Data segment:

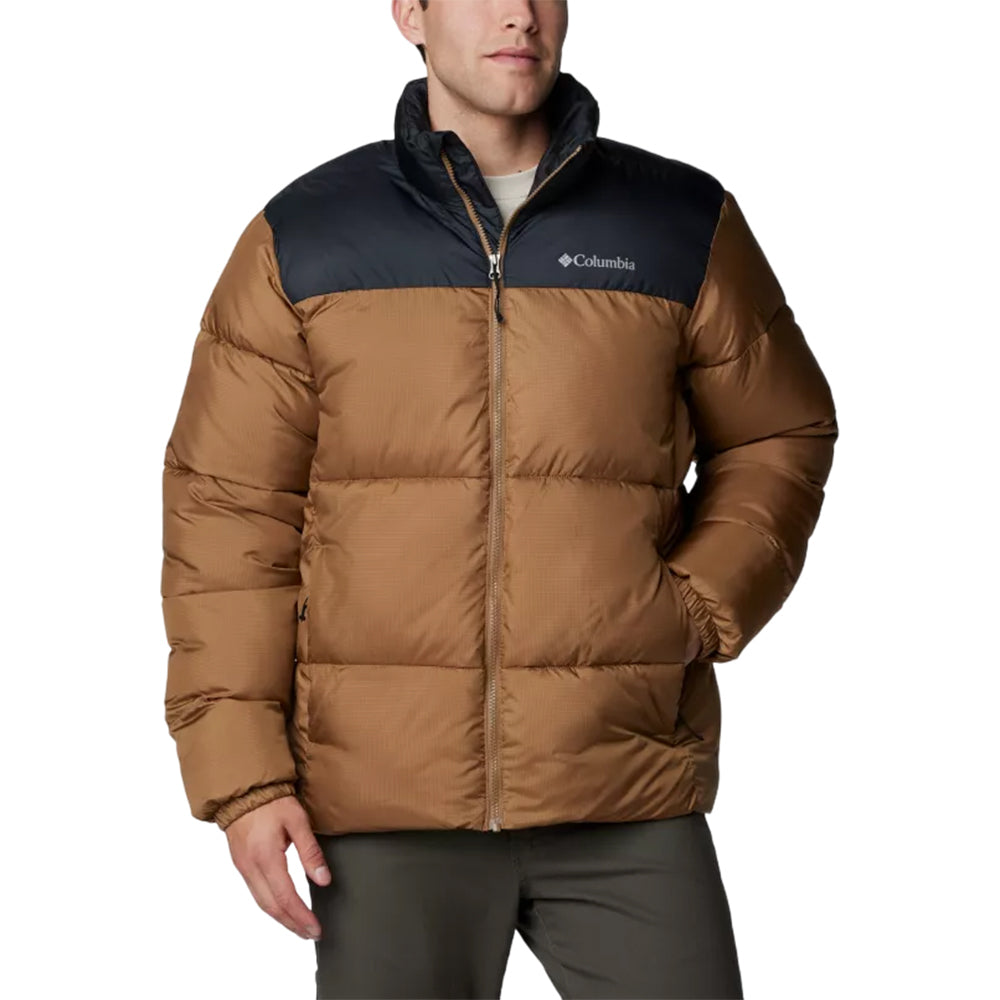 Columbia Puffect Winter Jacket Brown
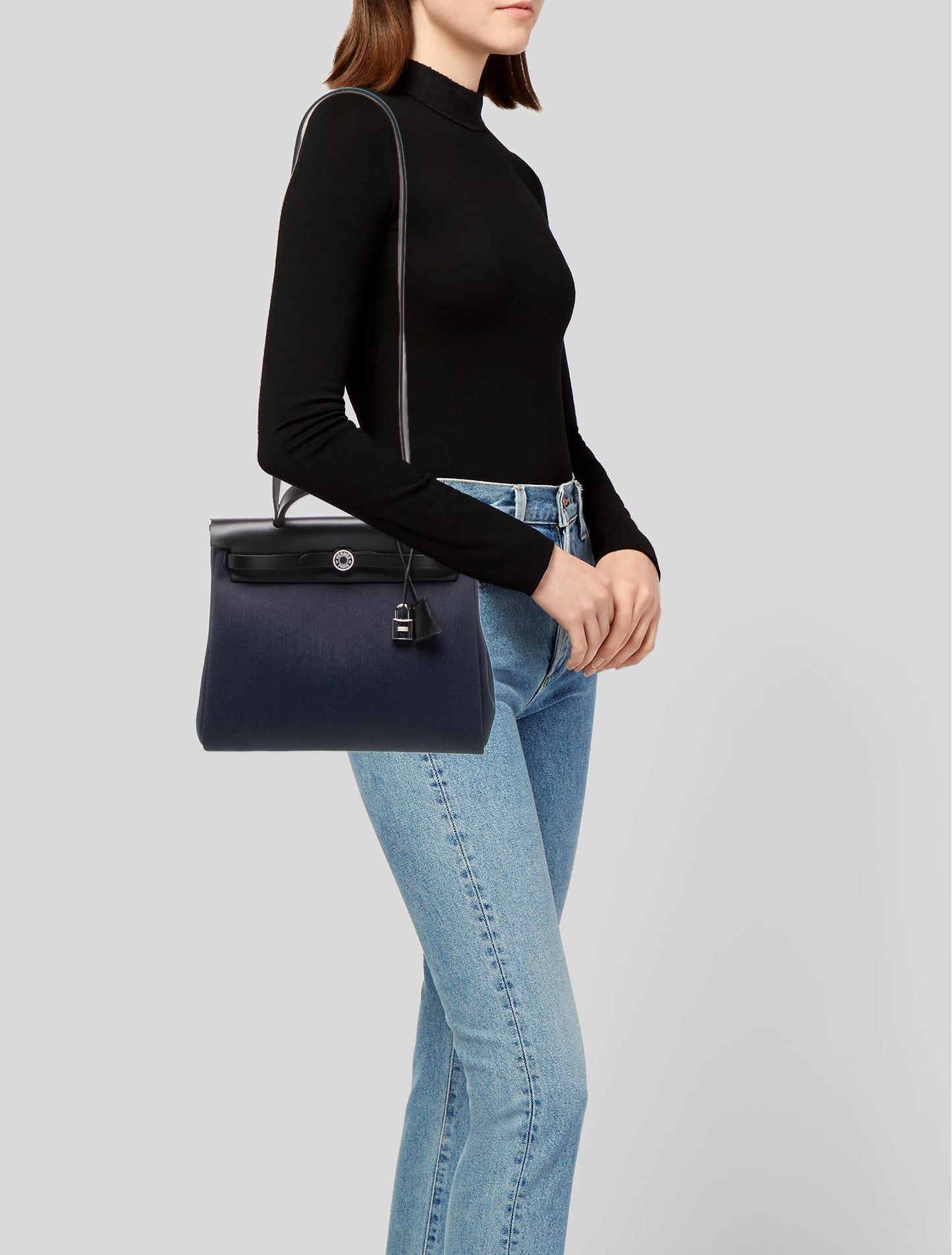 Hermès Toile Militaire Laque Herbag Zip 31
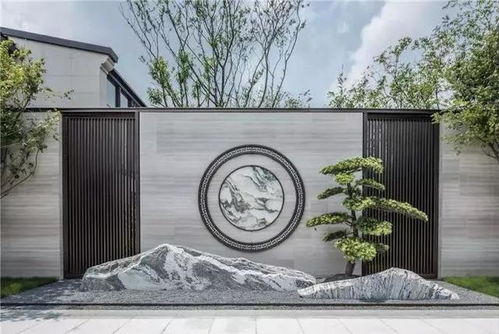 一、 现代庭院墙设计材料选择的多样化及其风水考量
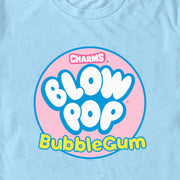 Men's Blow Pop Bubble Gum Logo  Adult T-Shirt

What you need to do: Now repeat exactly the lines from the one with "一、 现代庭院墙设计材料选择的多样化及其风水考量" through the end of the listing above, both included, omitting all pictures.

Result of this exercise:
 一、 现代庭院墙设计材料选择的多样化及其风水考量
 Men's Blow Pop Bubble Gum Logo  Adult T-Shirt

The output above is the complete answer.